23.05.2006:Pernod Ricard wants to grow bigger on the global market of champagne. The pastis giant from Southern France, that last year acquired the brands Mumm and Perrier-Jouët with Allied Domecq, at the moment is the top four, but the ambition is to grow bigger. According to the manager of the Martell, Mumm and Perrier-Jouët-department of Pernod the objective is to make it to become second (currently held by Chanoine Boizel Champagne after buying Lanson International last year). Number one is a rather big step up: At the moment LVMH delivers 17,4 percent of the champagne drunk in the world. Pernod delivers a - in comparison - humble 3,3 percent.

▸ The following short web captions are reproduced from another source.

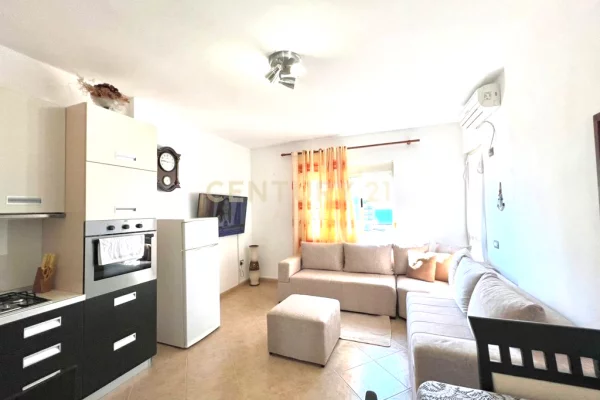 Shtepi ne shitje Apartament ne Durres, 2+1, Mobilimi E mobiluar, Pagesa 79,000  Euro.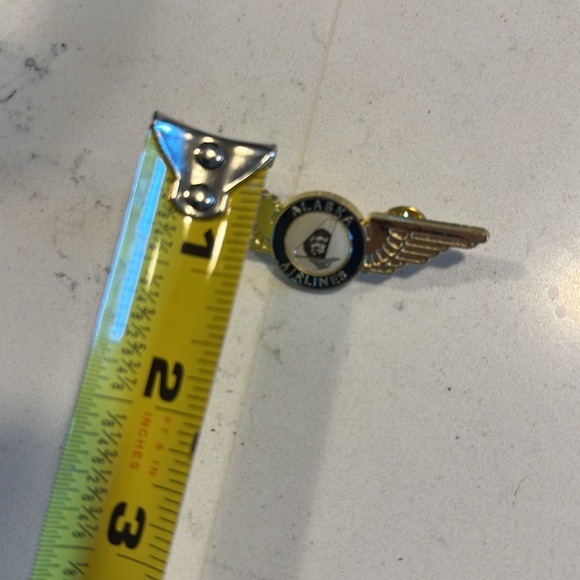 Alaska Airlines Winged With Face On Plane Tail Lapel Pin Brooch - Picture 5 of 5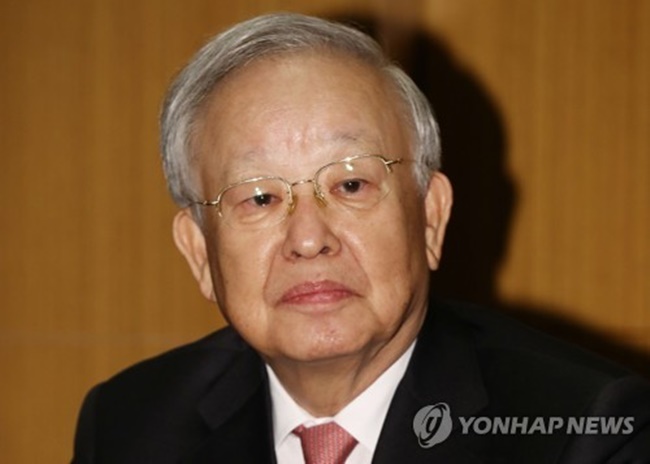 Sohn Kyung-shik, 78, took office as the chairman of the Korea Employers Federation (KEF) as five members of its screening committee unanimously selected him to succeed Bahk Byong-won, according to the business lobby. (Image: Yonhap)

23.05.2006: Reims Management School has decided to develop a professorship in champagne. The manager of the school, Francois Bonvalet, says, that the position is to be used to develop necessary research within the fields business strategy, marketing and consumer behaviour connected with the champagne business of the region. The bubbly industry directly emplys more than 10.000 people and annually sells for more than four billion euros. Known grandes marques such as Moët & Chandon, Krug, Pommery and Veuve Clicquot support the new institute financially.
25.05.2006: France is working intensely to move into the huge and growing market in China, said several ministers who participated in the Vinexpo-exhibition in Hong Kong according to the winemagazine Decanter. Apart from campaigns in supermarkets, the aim of which is to present French products for the Chinese consumers, the initiative also covers education, partnerships and help to plant vineyards on a experimental basis. The objective of all this is to increase the knowledge of French wine in China as the biggest market for wine in Asia, and with an import expected to double to two million boxes by 2010. The depressed French wineindustry is not alone, also the big houses in Champagne are extremely focused on the Asian markets because of their big potential.
25.05.2006: The house of Jacquart presented its latest prestige cuvée at the Vinexpo in Hongkong. It is called Katarina, and is is sold in a clear, voluptuous bottle with references to the Art Nouveau-style, popular during the Belle Epoque in the end of the 19. century. A time where some especially sinful places in Paris literally flowed with champagne. Katarina is a blend of 60 percent Pinot Noir, 35 percent Chardonnay and five percent Meunier and has matured seks years in the caves of Jacquart. Cuvée Katarina is described as fresh and youthful, with notes of white flowers, abricot and pear and with a very, long after-taste.